L’arrache-cœur : histoire d’une enfance troublée

Est-il utile de préciser que Boris Vian sort de Centrale, qu’il est passionné de jazz en jouant lui-même de la trompette, qu’il est un des fondateurs d’une des sociétés les plus secrètes de Paris « Le Club des Savanturiers » ? Ou plutôt que c’est une autre planète, un monde empreint d’un fantastique poétique rendant mémorables des histoires d’a… qui finissent mal comme L’Écume des Jours. Tout comme remonter à la surface et être au bout du souffle en lisant les cent vingt pages empreintes de sécheresse et de violence du roman J’irai cracher sur vos tombes. Mais que faire si on veut combiner Boris Vian qui nous fait rêver et Vian Boris qui dénonce ? Direction L’arrache-cœur.

L’arrache-cœur

13219852_1197669990284527_1003150834_nL’arrache-cœur est un terme que le lecteur redécouvre. Dans L’Écume des Jours il est utilisé par Alise qui tue le philosophe Jean-Sol Partre pour sauver Chick de l’obsession qu’il éprouve pour Partre. En revanche, dans le roman qui porte le nom de cet objet, il ne figure pas. Ainsi le titre devient symbolique. L’histoire raconte l’arrivée d’un psychiatre, Jacquemort, dans un village et aide une femme, Clémentine, à accoucher de « trumeaux » : deux jumeaux (Joël et Noël) et un « isolé » (Citroën). Cet accouchement délivre également son mari, Angel, qui était enfermé dans la chambre d’à coté depuis deux mois. Cet événement n’arrange pas la situation familiale : Clémentine déteste son mari et ils commencent à avoir une vie parallèle. Le terme de  « l’arrache-cœur » peut symboliser beaucoup d’éléments – notamment la souffrance omniprésente qui rend curieux le développement des personnages : des adultes qui semblent vivre avec un cœur arraché et les enfants qui tentent de préserver le leur. Après qu’Angel l’avait fait souffrir, Clémentine le fait souffrir à son tour en l’éloignant.

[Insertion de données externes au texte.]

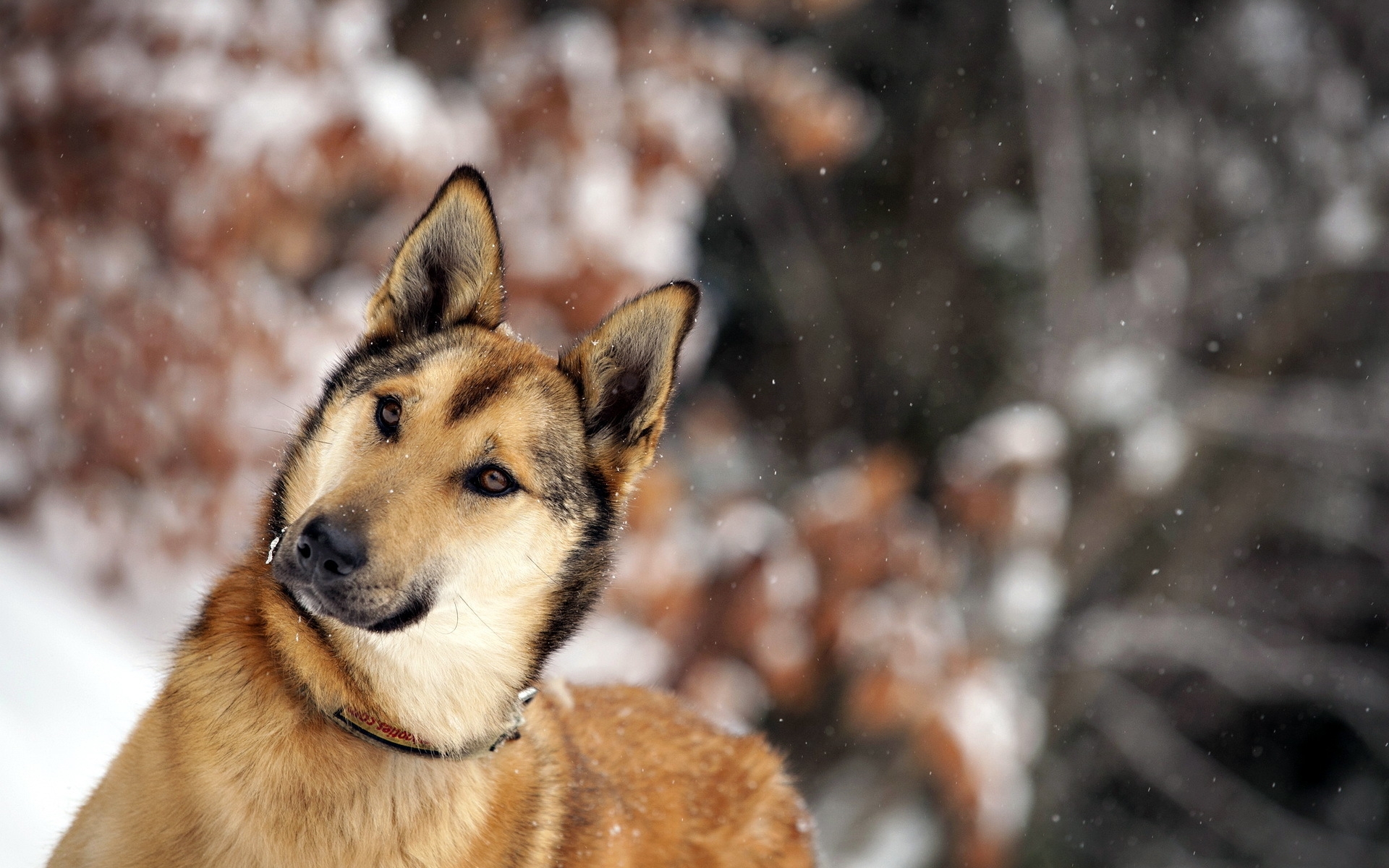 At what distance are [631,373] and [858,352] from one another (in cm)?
707

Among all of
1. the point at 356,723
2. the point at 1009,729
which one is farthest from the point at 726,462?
the point at 356,723

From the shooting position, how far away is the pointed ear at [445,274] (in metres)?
2.46

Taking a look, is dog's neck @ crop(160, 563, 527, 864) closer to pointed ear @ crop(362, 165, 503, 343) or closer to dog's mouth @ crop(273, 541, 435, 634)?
dog's mouth @ crop(273, 541, 435, 634)

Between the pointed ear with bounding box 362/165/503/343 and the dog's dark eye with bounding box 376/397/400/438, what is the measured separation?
13.5 inches

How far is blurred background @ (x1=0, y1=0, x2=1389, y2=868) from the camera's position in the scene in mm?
5672

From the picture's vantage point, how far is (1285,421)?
9.95 m

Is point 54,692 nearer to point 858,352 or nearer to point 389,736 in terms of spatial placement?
point 389,736

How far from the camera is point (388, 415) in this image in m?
2.35

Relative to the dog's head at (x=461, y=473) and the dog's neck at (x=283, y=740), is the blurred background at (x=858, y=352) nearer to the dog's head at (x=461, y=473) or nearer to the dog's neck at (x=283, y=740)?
the dog's neck at (x=283, y=740)

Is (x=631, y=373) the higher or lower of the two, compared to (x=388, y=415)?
lower

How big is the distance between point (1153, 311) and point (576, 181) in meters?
6.16

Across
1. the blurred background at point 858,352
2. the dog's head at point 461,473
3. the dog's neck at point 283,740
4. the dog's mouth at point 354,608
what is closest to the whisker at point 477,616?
the dog's head at point 461,473

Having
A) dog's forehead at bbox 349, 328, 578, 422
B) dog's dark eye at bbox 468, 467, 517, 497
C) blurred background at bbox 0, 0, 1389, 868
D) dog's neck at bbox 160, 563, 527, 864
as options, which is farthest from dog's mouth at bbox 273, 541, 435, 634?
blurred background at bbox 0, 0, 1389, 868

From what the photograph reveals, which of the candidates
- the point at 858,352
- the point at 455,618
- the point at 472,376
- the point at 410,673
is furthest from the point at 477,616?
the point at 858,352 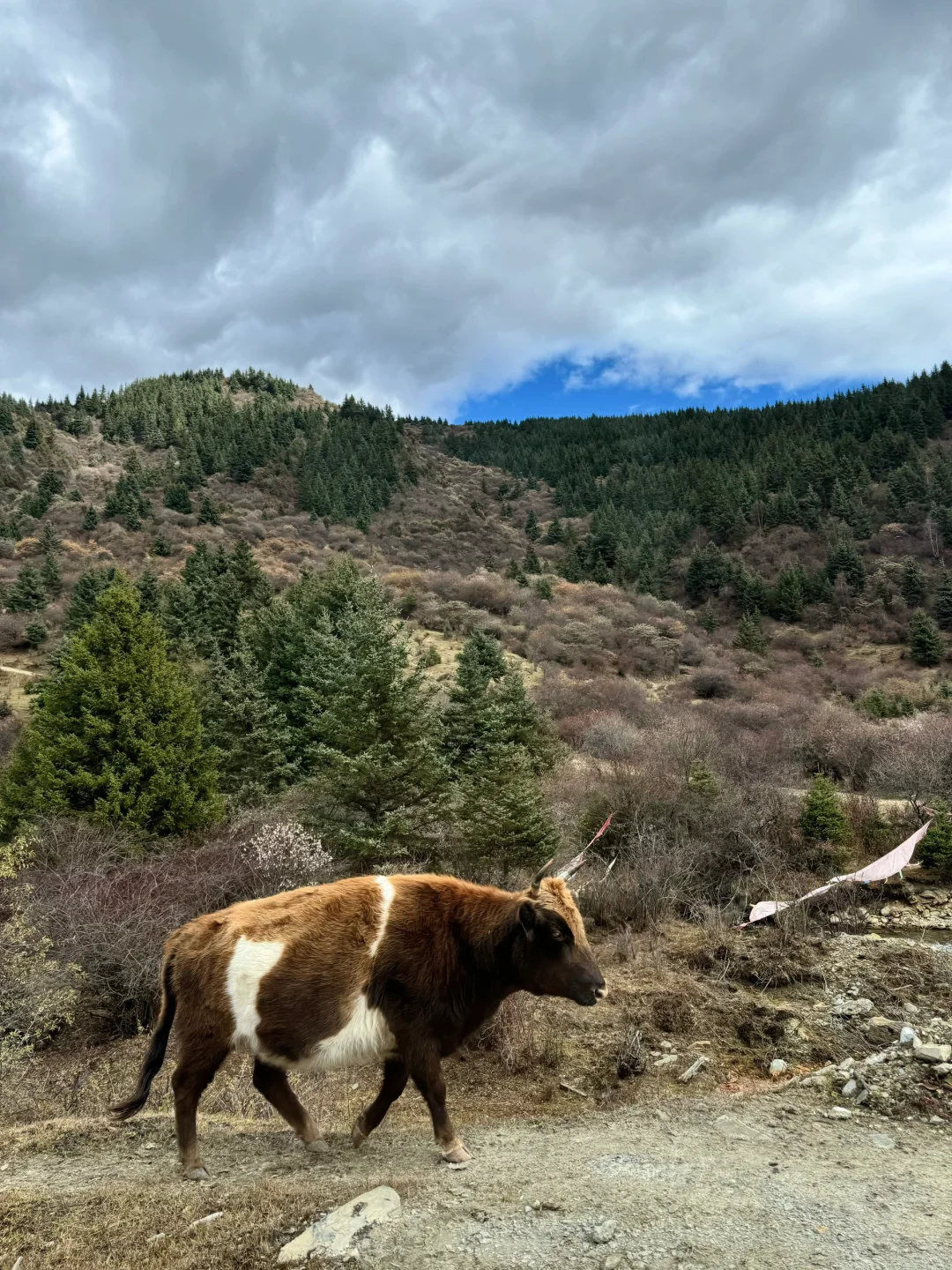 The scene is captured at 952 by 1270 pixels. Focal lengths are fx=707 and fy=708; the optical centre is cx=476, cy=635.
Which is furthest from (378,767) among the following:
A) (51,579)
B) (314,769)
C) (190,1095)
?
(51,579)

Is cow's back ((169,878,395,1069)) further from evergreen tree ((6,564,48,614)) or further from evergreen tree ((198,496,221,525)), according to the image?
evergreen tree ((198,496,221,525))

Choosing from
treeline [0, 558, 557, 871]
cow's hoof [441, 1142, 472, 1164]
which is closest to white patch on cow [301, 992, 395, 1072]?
cow's hoof [441, 1142, 472, 1164]

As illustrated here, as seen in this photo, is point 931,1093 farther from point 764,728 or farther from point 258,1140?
point 764,728

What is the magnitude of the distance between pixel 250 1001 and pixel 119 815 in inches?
499

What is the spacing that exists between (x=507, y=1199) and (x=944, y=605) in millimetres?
65145

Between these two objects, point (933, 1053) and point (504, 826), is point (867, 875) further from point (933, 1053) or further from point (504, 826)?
point (933, 1053)

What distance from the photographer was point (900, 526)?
241 feet

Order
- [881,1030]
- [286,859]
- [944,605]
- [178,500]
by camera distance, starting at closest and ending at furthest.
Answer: [881,1030] < [286,859] < [944,605] < [178,500]

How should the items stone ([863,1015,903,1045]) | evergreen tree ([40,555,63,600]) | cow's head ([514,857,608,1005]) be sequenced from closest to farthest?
cow's head ([514,857,608,1005]), stone ([863,1015,903,1045]), evergreen tree ([40,555,63,600])

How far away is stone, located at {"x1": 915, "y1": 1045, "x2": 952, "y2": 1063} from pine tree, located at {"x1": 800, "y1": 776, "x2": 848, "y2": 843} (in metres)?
10.8

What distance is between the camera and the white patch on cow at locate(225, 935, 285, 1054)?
4504mm

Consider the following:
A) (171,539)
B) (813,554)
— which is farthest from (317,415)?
(813,554)

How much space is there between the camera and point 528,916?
15.6ft

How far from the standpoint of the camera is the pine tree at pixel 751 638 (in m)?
55.5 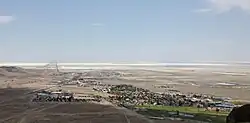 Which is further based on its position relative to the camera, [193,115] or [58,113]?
[58,113]

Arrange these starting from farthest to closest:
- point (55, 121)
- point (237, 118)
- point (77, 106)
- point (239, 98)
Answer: point (239, 98) → point (77, 106) → point (55, 121) → point (237, 118)

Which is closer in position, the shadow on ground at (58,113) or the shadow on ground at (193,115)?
the shadow on ground at (58,113)

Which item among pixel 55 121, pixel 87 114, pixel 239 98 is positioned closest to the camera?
pixel 55 121

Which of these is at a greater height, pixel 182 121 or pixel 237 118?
pixel 237 118

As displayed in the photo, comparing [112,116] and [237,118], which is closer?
[237,118]

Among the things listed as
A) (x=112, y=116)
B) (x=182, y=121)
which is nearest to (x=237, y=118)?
(x=182, y=121)

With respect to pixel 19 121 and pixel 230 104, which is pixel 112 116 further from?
pixel 230 104

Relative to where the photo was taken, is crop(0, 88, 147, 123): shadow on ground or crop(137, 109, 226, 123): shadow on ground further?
crop(137, 109, 226, 123): shadow on ground

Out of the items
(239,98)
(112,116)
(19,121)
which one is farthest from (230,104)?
(19,121)

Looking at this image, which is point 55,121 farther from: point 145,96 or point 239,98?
point 239,98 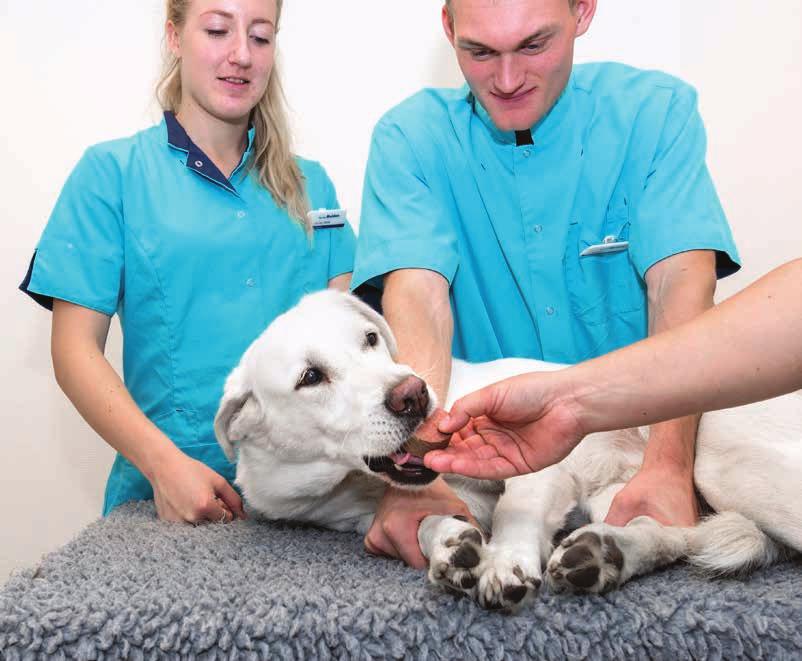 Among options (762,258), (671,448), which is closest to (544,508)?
(671,448)

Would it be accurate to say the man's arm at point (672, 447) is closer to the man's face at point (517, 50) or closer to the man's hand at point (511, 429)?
the man's hand at point (511, 429)

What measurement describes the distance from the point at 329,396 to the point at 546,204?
82 centimetres

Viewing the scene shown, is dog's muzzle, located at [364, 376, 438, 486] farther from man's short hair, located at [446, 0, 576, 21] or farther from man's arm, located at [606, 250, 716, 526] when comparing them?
man's short hair, located at [446, 0, 576, 21]

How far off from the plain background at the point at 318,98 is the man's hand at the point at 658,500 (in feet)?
4.87

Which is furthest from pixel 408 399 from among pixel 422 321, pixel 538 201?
pixel 538 201

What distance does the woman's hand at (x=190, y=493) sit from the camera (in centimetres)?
166

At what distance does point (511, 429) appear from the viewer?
1190 millimetres

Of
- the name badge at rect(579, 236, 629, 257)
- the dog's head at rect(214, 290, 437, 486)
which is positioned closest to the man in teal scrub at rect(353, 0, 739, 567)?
the name badge at rect(579, 236, 629, 257)

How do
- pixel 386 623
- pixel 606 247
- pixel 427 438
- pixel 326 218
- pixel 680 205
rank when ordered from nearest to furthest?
pixel 386 623, pixel 427 438, pixel 680 205, pixel 606 247, pixel 326 218

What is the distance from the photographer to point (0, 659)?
1.00m

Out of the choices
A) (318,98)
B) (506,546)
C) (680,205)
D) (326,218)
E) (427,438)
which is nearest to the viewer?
(506,546)

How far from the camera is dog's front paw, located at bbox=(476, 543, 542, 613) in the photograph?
1.02 metres

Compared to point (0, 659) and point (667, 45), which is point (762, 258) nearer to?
point (667, 45)

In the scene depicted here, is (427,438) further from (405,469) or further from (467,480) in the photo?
(467,480) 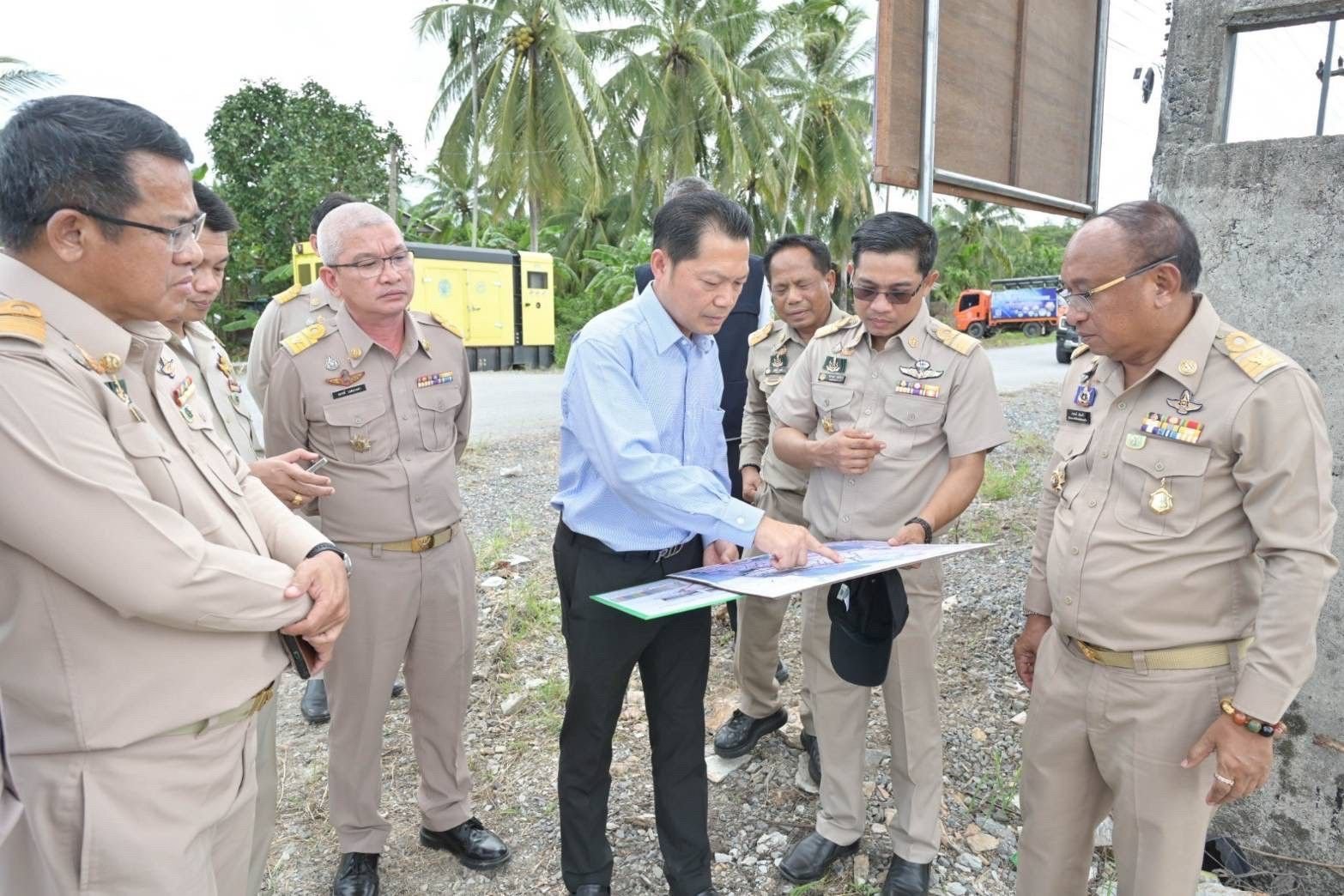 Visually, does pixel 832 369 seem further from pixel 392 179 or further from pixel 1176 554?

Comme dans beaucoup d’histoires du Xxe siècle, celle-ci traite également de la place de la mère envahissante. Plus les enfants grandissent, plus elle éprouve le besoin de les protéger et essaie de les isoler de tous les dangers. Une relation sado-masochiste s’installe. Elle les prive de liberté, n’éprouve aucune empathie à quoique ce soit à part ses propres enfants et se prive de manger pour se prouver à elle-même qu’elle est une bonne mère. Elle commence par supprimer les arbres de son jardin et finit par mettre les enfants en cage. Entre-temps son mari, à l’image de Robinson Crusoé, construit une barque dans le jardin et prend « le large » du fleuve. Mais le personnage principal reste Jacquemort qui vit quasi littéralement avec un cœur arraché. Il se sent vide et pour cette raison éprouve le besoin de psychanalyser les gens, pour se remplir d’eux : « Je suis vide. Je n’ai que gestes, réflexes, habitudes. Je veux me remplir. C’est pourquoi je psychanalyse les gens. Mais mon tonneau est un tonneau de Danaïdes. Je n’assimile pas ; ou j’assimile trop bien… c’est la même chose. Bien sur, je conserve des mots, des contenants, des étiquettes ; je connais les termes sous lesquels on range les passions, les émotions mais je ne les éprouve pas. »

Le fleuve de sang

13101543_1197669570284569_925532162_nOn voit également l’ironie que l’auteur utilise face à la psychanalyse. Jacquemort veut psychanalyser la servante de la famille qui s’appelle Culblanc. Mais sans succès. Il n’arrive qu’à coucher avec elle et à quatre pattes parce que son père la trouvait moche. Elle n’en veut pas à son père mais à Jacquemort qui souhaite de changer de position et par conséquent trahir son père. Angel refuse également de se faire psychanalyser : « Je ne suis pas intéressant, d’ailleurs. Je suis intéressé. » Alors, le psychiatre fait le tour du village et à travers ses yeux se glisse la dénonciation de l’auteur. On assiste à la foire aux vieux, qu’on déshabillent pour un prix sous les rire des gens. On assiste au travail forcé des enfants qui finissent par mourir, et dont on jette le cercueil dans le fleuve. On rencontre un homme sur une barque « La Gloire ». Les gens du village le maltraite car il prend sur lui la honte que les habitants n’arrivent pas à éprouver. Ils le paient en or qu’il ne peut utiliser. Ainsi se manifeste l’absurde de la condition humaine.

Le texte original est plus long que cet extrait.